The IAA accepted that the applicant was a citizen of Pakistan, that he was of Qandhari Yousafzai ethnicity, that he was a Shia Muslim, and that he regularly attended a Qandhari mosque in Pakistan and regularly attends a Shia centre in Australia to pray (at [17]-[19]).
The IAA observed that the applicant claimed to have received a call from a man in June or July 2012 who identified himself as a member of Lashkar-e-Jhangvi (LeJ) and stated that they knew the applicant was a Shia and threatened to kill him. The applicant claimed that later that day, he saw two masked men on a motorbike parked near his office gate when he was leaving the office for lunch. He claimed that the men followed him when he rode off on his motorbike, although he managed to escape them and return home (at [20]).
As the IAA’s reasoning regarding this claim (Motorcycle Pursuit Claim) is central to a ground of review, it is appropriate to set it out reasonably fulsomely. The IAA raised a number of concerns regarding this claim (at [21]-[24]):
21.Some aspects of the applicant’s evidence regarding the claimed threatening telephone call, the pursuit of him by men on a motorbike, and the subsequent events, are of concern to me. For example, during the entry interview conducted shortly after his arrival in Australia, the applicant referred to the threatening telephone call but did not refer to the claimed pursuit of him by masked men on a motorbike on the same day. While the recording of that interview shows that the applicant was asked to explain his reasons for leaving Pakistan ‘very briefly, in one or two sentences’, I note that the applicant initially stated only that he ‘had a threat call’ and that was why he had to leave. The interviewing officer asked the applicant who called him, to which the applicant replied ‘Lashkar-e-Jhangvi’. Asked what LeJ threatened him with, the applicant indicated that they said he was Shia and an infidel and they were going to kill him.
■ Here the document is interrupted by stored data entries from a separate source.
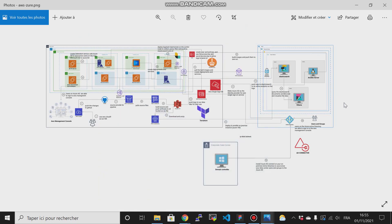Hi everybody, I hope you are doing well. In today's video, I'm going to cover many things in this lab. I will show you how to interact with some tools and how you can achieve some useful things, like how you can establish a secure connection between your AWS account and your resources in your Azure account via creating a VPN connection. I have also covered new tools in this lab.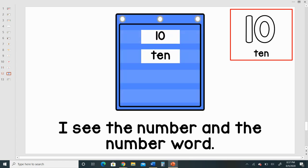I see the number and the number word. I see 10. I see 9. I see 11.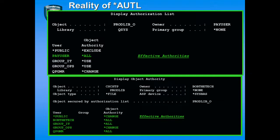This makes a big difference as to the ownership of the authorization list. When we look at the effective authorities on the object, the public authority in the object is specified as change. Bob the Tech has all, Group IT all, Group Ops has change, and Qprogrammer has all. So even though the authorization list secures the object, the effective authorities shown in green are: PayUser has all, public has change rights, Bob the Tech all, Group IT all, Group Ops change, and Qprogrammer all. That's the way the system evaluates the authority of these authorization lists.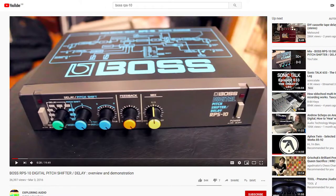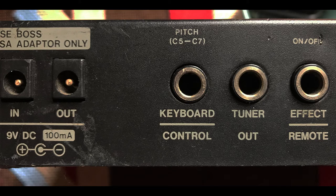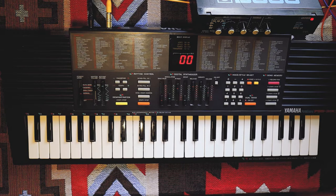After watching this video by Exploring Audio — if you want a detailed breakdown of all the features of the RPS-10, I highly recommend it; I'll put a link in the description. What interested me was the unusual keyboard control feature: essentially, you can use external audio to control the pitch of the pitch shifter. This results in some very unusual sounds, and to demonstrate this I have with me my lovely assistant, the Yamaha PSS-390.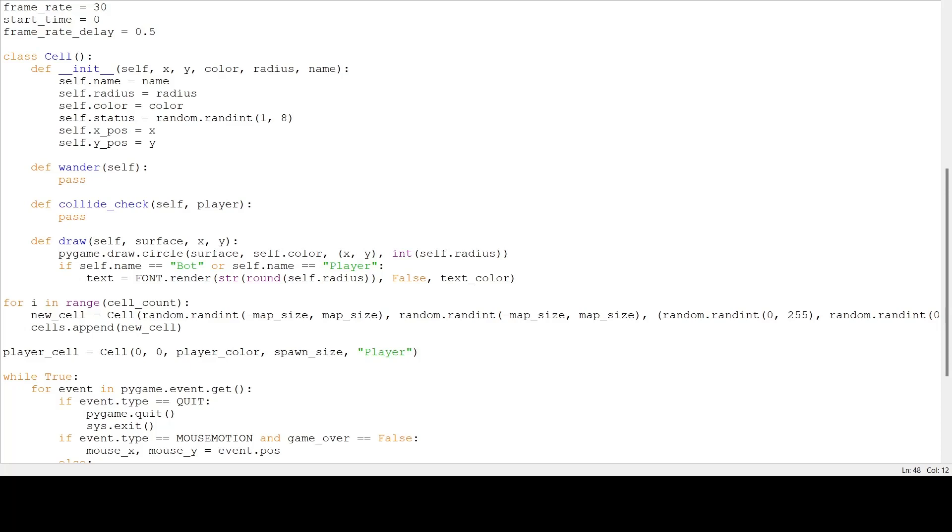Hello guys, and welcome to the second part in our three-part series of making an Agar.io game in Python. If you haven't watched part 1 already, watch that first and then come back to this video. So let's get started.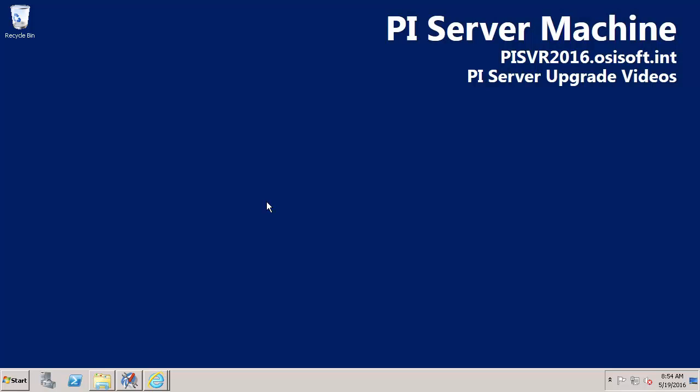The next video in the series we'll walk through a SQL Server installation. But if you already have a SQL Server on the network that you intend to use you can move ahead to the Upgrade to PI Server 2016 full walkthrough video.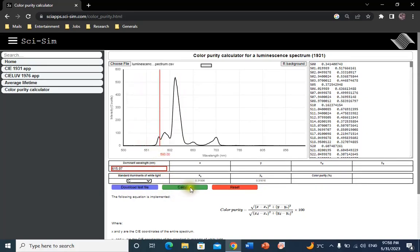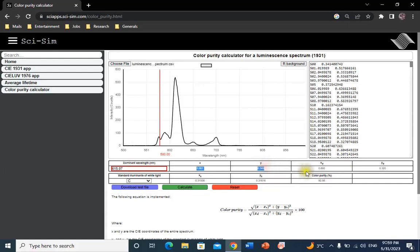Then click calculate. The X and Y color coordinates of the whole spectrum and of the dominant wavelength will be calculated and shown here. The color purity will also be calculated and shown here.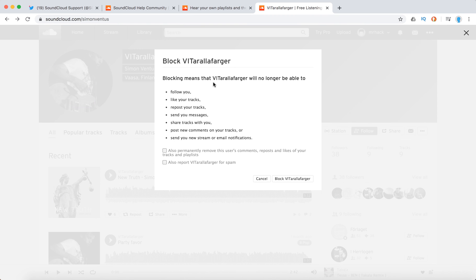So blocking this artist means that he will no longer be able to follow you, like your tracks, repost your tracks, send your messages, share tracks with you and stuff like that.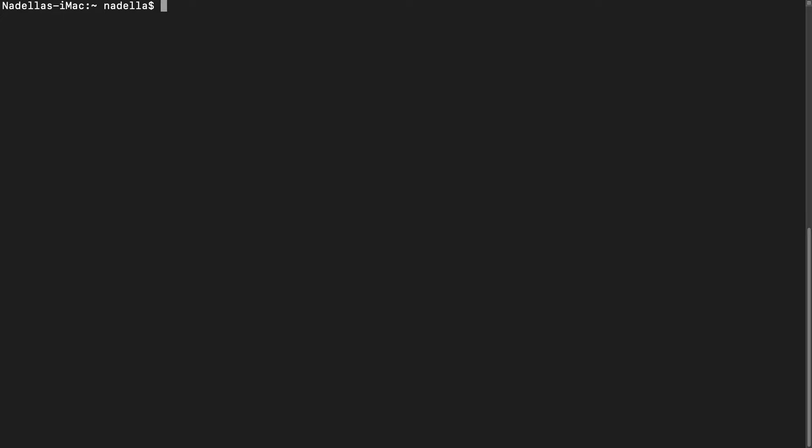But before we paste our command, there's one thing that we need to do to make sure that the installation goes smoothly. nvm will be expecting that you have a bash configuration file for your current user. So let's make sure that the file is there because sometimes it's not there, especially on a newly installed Mac. So let's do that. And we need to type nano this squiggly line slash dot bash RC and press enter.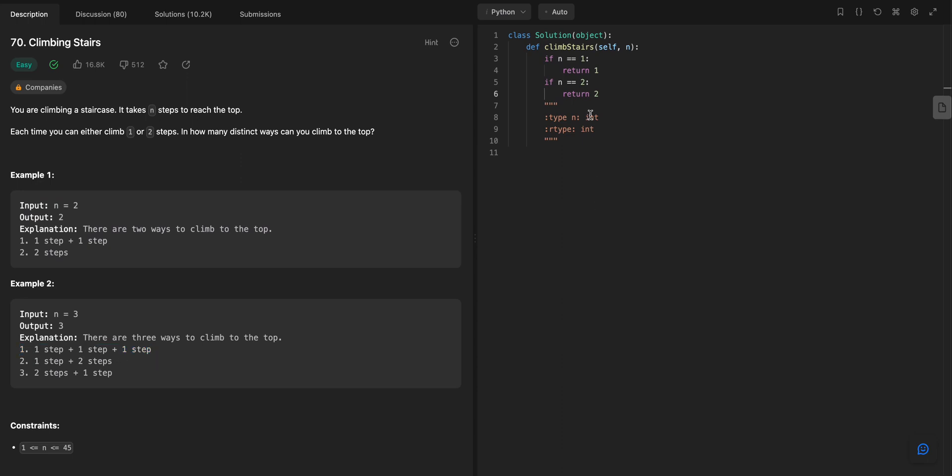So if you think about it, when n is bigger than 2, right, we need to have some kind of function here. So let's say if n is bigger than 2, if you think about it, the last step that you take to get to the end has to be either a 2 or a 1. So really, the answer is quite elegant here.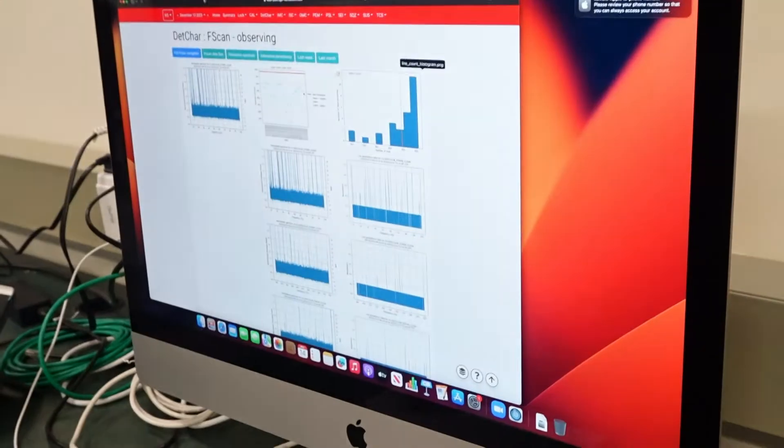We would simulate a gravitational wave injected into the data and then try and identify it, how to characterize it, write the whole paper, everything end to end, and then reveal whether or not it was a true signal.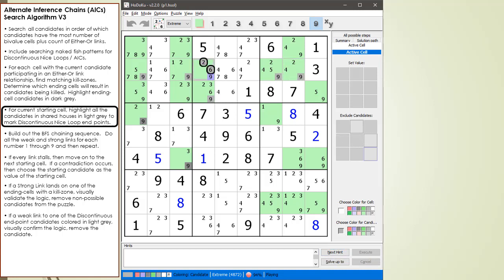We also highlight all the other candidates in the starting cell with our starting candidate in medium gray. If we land on any of the candidates highlighted in medium gray with a weak link, then we have a discontinuous nice loop. The reason why this works will be demonstrated shortly.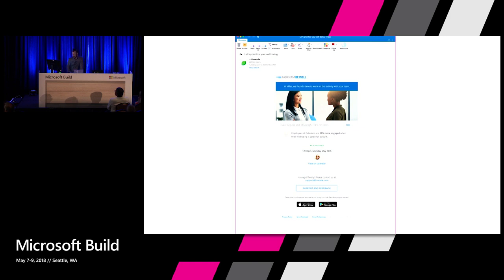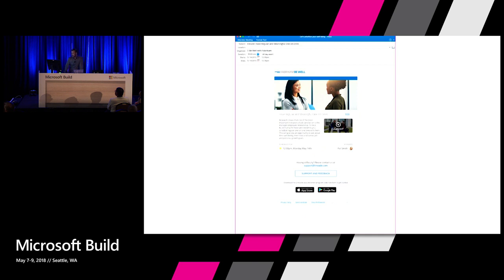The card's state changes. If Miles clicked 'View on Calendar,' it brings up the meeting invite with a video — a video on how to have a meaningful one-on-one with your employees, like asking people how they're doing before getting into the status of all their projects. It also shows that the one-on-one with Pat Smith has been scheduled for noon next Monday. We've also implemented a few other scenarios for busy schedules, like adding a mindfulness video. That's what we built.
The applicant was not cut off in his responses. At the end of the interview, he was asked whether there was anything he had not been asked that he wished to say, he indicated there was not.
22.Even having regard to the limited opportunity given to the applicant to describe his reasons for leaving Pakistan in the entry interview, it is of some concern to me that the applicant did not refer to being chased by two masked men on the same day that he claimed to have received the threatening phone call to which he referred. This seems particularly odd given the applicant’s later claims that he was very frightened by this incident and it, as well as the claimed threatening telephone call, led him to stop work and to leave Pakistan. I also find it odd that in circumstances where the applicant claimed he had received a telephone call in which he was threatened with death earlier that morning, he would, on seeing two masked men on a motorbike parked outside the gate to his office, proceed to get on his own motorbike rather than stay on his employer’s premises.
23.The applicant claimed the LeJ knew about his Shia faith because until 2010, he and his family had lived in a Sunni area where LeJ were active. He said they were known to be Shia. It is hard to understand why, if the LeJ knew about his Shia faith for many years, they would, one day in 2012, decide to call the applicant and threaten to kill him, then send two masked men to chase him on a motorbike.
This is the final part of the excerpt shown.